▶ Data provided:
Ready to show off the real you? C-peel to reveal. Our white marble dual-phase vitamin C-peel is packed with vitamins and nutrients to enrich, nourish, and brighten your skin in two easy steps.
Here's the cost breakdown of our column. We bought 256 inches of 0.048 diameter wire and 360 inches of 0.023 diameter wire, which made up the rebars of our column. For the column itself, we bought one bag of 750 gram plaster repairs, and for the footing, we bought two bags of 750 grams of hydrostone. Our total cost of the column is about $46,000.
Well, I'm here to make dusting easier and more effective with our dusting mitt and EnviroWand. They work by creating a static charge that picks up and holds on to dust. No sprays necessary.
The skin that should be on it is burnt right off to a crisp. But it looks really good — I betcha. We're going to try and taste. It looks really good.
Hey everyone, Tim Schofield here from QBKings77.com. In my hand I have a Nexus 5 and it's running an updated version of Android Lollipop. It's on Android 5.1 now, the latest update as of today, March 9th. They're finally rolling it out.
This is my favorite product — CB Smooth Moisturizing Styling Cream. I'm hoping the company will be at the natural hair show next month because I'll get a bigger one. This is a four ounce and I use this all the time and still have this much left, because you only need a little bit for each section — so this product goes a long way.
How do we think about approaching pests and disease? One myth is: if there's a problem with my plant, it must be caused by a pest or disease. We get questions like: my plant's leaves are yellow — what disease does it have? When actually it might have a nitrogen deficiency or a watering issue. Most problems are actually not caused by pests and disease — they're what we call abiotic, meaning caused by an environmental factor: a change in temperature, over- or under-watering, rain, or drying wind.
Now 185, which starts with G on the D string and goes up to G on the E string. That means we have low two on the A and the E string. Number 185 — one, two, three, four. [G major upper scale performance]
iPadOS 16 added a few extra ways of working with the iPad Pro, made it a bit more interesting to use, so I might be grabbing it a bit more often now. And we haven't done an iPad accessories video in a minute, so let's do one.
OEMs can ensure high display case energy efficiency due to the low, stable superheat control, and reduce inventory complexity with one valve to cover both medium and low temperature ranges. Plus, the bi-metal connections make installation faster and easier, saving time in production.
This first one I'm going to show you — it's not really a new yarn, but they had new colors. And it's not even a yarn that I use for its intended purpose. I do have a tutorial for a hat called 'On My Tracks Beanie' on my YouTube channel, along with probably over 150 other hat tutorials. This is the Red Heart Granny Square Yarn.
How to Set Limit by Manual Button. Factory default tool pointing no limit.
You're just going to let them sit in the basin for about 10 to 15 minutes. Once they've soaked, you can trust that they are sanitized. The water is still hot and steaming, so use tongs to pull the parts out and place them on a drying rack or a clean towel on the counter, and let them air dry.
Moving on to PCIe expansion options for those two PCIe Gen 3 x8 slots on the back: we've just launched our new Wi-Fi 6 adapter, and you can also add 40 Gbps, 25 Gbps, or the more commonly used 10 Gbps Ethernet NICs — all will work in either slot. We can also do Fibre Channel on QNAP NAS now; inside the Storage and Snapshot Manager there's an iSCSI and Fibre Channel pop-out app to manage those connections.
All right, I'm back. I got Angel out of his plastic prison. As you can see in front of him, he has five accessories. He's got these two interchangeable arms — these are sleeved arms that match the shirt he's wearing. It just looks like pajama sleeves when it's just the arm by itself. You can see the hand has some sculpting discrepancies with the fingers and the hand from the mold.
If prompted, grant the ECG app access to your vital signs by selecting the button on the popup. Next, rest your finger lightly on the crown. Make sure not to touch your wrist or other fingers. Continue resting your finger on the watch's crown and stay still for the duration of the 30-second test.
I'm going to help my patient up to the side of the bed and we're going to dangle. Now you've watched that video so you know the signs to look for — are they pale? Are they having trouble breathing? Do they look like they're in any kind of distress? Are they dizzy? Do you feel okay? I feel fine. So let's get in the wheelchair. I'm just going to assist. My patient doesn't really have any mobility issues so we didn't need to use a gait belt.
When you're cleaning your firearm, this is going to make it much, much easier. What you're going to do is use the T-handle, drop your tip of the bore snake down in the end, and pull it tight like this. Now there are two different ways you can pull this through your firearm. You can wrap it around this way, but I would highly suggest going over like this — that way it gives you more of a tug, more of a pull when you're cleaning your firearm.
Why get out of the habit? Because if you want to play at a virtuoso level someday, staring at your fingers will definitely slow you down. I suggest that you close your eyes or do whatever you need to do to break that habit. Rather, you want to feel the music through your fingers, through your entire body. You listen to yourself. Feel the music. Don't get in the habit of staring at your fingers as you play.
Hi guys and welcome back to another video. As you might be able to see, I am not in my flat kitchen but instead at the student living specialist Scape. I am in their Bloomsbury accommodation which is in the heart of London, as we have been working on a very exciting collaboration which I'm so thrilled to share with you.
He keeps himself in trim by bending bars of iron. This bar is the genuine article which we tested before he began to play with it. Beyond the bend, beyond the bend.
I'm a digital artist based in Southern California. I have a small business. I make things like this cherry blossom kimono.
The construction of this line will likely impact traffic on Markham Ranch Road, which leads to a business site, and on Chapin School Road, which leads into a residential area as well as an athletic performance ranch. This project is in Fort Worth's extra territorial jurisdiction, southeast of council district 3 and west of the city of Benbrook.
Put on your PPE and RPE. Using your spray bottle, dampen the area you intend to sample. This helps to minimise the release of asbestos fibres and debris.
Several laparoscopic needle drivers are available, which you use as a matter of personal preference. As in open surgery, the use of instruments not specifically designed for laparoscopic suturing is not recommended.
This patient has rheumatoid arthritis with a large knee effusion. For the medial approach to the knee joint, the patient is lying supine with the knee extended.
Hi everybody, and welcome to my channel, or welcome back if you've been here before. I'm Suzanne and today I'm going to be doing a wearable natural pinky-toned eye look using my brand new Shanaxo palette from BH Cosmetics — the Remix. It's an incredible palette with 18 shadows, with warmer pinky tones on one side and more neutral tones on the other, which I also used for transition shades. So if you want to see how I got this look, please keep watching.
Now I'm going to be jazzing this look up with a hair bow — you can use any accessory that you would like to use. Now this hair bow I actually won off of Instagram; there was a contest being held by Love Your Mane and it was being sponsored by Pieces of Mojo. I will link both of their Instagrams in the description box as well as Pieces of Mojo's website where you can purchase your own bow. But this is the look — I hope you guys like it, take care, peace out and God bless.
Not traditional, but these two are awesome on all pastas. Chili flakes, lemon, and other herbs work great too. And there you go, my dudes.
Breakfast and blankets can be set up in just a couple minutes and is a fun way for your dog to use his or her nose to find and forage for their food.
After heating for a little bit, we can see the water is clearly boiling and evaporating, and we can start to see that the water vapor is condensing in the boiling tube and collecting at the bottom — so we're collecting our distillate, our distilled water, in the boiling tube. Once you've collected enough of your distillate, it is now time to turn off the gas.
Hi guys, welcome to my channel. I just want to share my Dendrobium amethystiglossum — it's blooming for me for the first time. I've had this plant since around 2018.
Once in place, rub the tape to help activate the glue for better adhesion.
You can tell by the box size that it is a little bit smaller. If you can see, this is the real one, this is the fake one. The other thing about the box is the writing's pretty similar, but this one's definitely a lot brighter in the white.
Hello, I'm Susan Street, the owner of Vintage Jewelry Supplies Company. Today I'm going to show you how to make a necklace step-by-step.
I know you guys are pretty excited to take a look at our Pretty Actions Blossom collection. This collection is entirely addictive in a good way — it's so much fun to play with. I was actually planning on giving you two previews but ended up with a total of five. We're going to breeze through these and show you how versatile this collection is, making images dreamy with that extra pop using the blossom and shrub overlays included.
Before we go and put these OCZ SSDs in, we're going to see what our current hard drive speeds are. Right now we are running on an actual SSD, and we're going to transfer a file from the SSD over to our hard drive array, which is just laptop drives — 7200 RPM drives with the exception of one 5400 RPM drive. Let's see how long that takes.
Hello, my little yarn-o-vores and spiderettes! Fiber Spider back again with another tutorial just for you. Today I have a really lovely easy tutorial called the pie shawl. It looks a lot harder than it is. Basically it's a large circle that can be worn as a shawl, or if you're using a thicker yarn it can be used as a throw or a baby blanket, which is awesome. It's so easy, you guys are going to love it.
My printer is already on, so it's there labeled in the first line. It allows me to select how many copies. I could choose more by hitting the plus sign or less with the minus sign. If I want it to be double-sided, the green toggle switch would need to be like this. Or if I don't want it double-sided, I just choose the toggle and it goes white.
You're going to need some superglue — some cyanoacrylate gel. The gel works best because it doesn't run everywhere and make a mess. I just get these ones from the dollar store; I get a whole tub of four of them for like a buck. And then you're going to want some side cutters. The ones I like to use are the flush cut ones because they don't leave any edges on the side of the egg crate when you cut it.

▶ Exercise: Take the lines above from the one containing "Several laparoscopic needle" down to the one containing "Hi everybody, and", and transcribe them exactly, both ends included.

▶ Answer box:
Several laparoscopic needle drivers are available, which you use as a matter of personal preference. As in open surgery, the use of instruments not specifically designed for laparoscopic suturing is not recommended.
This patient has rheumatoid arthritis with a large knee effusion. For the medial approach to the knee joint, the patient is lying supine with the knee extended.
Hi everybody, and welcome to my channel, or welcome back if you've been here before. I'm Suzanne and today I'm going to be doing a wearable natural pinky-toned eye look using my brand new Shanaxo palette from BH Cosmetics — the Remix. It's an incredible palette with 18 shadows, with warmer pinky tones on one side and more neutral tones on the other, which I also used for transition shades. So if you want to see how I got this look, please keep watching.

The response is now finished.